▶ **Data below**
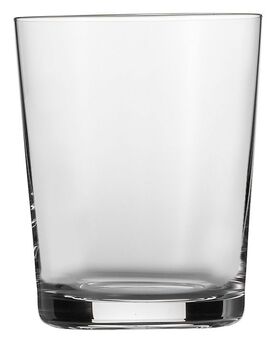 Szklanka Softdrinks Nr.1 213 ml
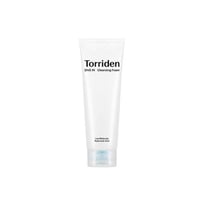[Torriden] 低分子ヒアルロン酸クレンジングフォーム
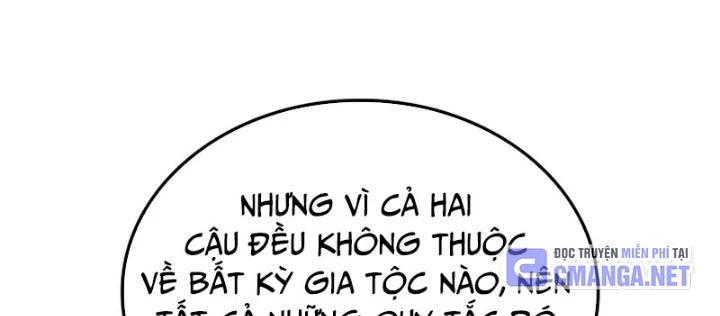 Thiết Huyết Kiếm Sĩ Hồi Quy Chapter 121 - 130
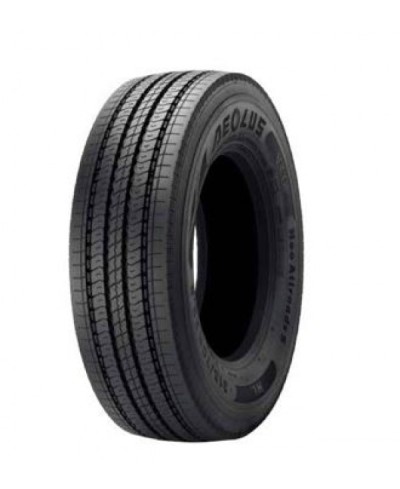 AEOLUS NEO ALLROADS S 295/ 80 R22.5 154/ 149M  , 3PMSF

▶ **Directions for this task**
Copy out the material word for word, without any images.

▶ **Response below**
 Szklanka Softdrinks Nr.1 213 ml
[Torriden] 低分子ヒアルロン酸クレンジングフォーム
 Thiết Huyết Kiếm Sĩ Hồi Quy Chapter 121 - 130
 AEOLUS NEO ALLROADS S 295/ 80 R22.5 154/ 149M  , 3PMSF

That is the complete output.